• [Exercise objective]
A single number is required: how many lines in the entries hold the word "estar".

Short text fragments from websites
# # # #

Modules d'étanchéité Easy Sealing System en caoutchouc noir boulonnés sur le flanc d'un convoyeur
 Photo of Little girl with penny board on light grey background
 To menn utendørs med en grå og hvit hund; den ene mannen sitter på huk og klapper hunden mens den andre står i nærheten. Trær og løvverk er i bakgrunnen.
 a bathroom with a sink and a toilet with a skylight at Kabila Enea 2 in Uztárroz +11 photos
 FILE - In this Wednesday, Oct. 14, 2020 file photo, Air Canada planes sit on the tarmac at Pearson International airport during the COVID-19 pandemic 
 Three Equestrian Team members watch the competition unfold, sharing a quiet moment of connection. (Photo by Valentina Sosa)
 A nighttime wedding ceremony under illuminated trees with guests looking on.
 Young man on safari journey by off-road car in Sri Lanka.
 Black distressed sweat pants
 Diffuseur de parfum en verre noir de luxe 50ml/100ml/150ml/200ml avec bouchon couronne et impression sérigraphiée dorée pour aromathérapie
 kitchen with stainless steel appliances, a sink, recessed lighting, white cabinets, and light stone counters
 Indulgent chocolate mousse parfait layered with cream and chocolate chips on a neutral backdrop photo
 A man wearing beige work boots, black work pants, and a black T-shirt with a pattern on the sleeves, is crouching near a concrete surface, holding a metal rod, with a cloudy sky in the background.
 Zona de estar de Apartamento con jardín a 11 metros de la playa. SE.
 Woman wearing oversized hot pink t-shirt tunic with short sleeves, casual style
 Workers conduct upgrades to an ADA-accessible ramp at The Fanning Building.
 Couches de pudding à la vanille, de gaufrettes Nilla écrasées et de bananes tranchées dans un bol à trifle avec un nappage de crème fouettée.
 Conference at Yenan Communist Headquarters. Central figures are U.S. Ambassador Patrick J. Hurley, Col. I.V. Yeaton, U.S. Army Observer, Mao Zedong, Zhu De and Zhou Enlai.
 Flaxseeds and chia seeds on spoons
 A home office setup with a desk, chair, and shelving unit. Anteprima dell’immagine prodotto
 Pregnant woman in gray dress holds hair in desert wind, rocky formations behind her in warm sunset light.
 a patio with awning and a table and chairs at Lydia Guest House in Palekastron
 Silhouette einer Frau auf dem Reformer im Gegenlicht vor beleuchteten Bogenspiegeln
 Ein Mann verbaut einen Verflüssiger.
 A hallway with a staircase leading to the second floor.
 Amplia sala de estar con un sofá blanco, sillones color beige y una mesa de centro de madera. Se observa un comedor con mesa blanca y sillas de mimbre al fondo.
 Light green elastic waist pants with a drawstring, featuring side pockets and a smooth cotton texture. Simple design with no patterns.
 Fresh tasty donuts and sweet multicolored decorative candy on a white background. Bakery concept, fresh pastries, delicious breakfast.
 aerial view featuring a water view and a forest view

# # # #

• [Answer box]
2